2) requiring prompting or assistance, and 3) participatory.

 

5/ The one percent criteria provided in guidance from the federal government is a clue to the level of severity of the cognitive

 

impairment of the Student. In essence, a significant cognitive impairment would be one that caused a student to fall into a group comprised of less than one percent of ESE students.

Notably, standardized tests of cognitive abilities and intelligence quantify such percentages for individual students.

 

6/ As troubling as the parent’s lack of notice about the April reevaluation meeting and IEP meetings, the evidence was clear that the parent became aware of the changes in placement and eligibility around April 16, 2012, when a copy of the IEP containing those changes was provided to the parent. The last page of the April 13, 2012, IEP included the “Testing Accommodations/Participation/Placement” Form. This form unambiguously stated that the “[s]tudent will participate in an alternate assessment”. The parent signed the Testing Accommodations/Participation/Placement Form on April 16, 2012, acknowledging that the Student would take an alternate assessment. The form did not address the removal from the general education standards, but only addressed testing.

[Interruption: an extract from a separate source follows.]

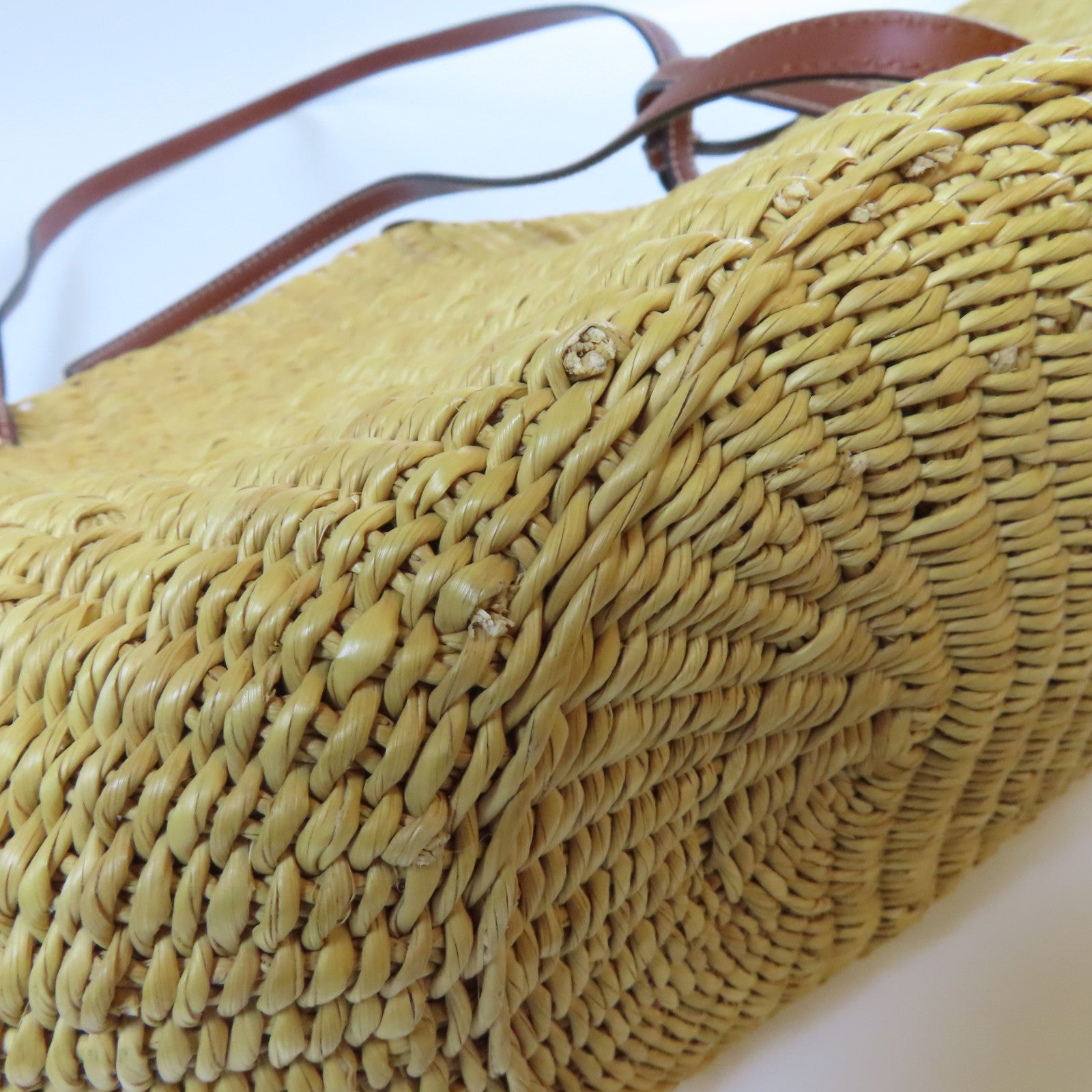 LOEWE 酒椰/皮革Shell Basket肩背袋米色/啡色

Further, the evidence regarding the parent having the impacts about removal from general education standards explained to her after the fact was not credible given the other facts in this case. However, any alleged procedural violations, which may have occurred in 2012 are outside the statute of limitations for either IDEA or Section 504. On the other hand, the facts regarding 2012 actions, or lack thereof, in later years are being determined relative to appropriate remedies in this case.

 

7/ Since the parent did not testify at the hearing, the reasons or the parent’s knowledge for the consents were not established by the evidence. However, in this case, such consents are immaterial since a parent cannot consent to an inappropriate educational placement because the duty to provide FAPE rests ultimately on the District. See 20 U.S.C. § 1412 (a)(1)(A) and 34 C.F.R. § 300.101.

 

 

COPIES FURNISHED:

 

  1. Keith DuBose, Esquire Matthews Eastmoore

Suite 300

1626 Ringling Boulevard

Sarasota, Florida 34236-6815 (eServed)

 

Stephanie Langer, Esquire Disability Independence Group, Inc. 2990 Southwest 35th Avenue

Miami, Florida 33133 (eServed)

 

Kevin William Pendley, Esquire Resolutions in Special Education, Inc. Suite 22

10681 Airport Pulling Road Naples, Florida 34109 (eServed)

 

Victoria Sears Gaitanis, Section Administrator Dispute Resolution Program Director

Bureau of Exceptional Education and Student Services Florida Department of Education

Turlington Building, Suite 614

325 West Gaines Street Tallahassee, Florida 32312 (eServed)

 

Todd Bowden, Superintendent Sarasota County Schools 1960 Landings Boulevard

Sarasota, Florida 34231-3365

 

Matthew Mears, General Counsel Department of Education Turlington Building, Suite 1244

325 West Gaines Street Tallahassee, Florida 32399-0400 (eServed)

 

NOTICE OF RIGHT TO JUDICIAL REVIEW

 

This decision is final unless, within 90 days after the date of this decision, an adversely affected party:

 

  1. brings a civil action in the appropriate state circuit court pursuant to section 57(1)(c), Florida Statutes (2014), and Florida Administrative Code Rule 6A- 6.03311(9)(w); or

 

  1. brings a civil action in the appropriate district court of the United States pursuant to 20 S.C. § 1415(i)(2), 34 C.F.R.
  • 300.516, and Florida Administrative Code Rule 6A-6.03311(9)(w).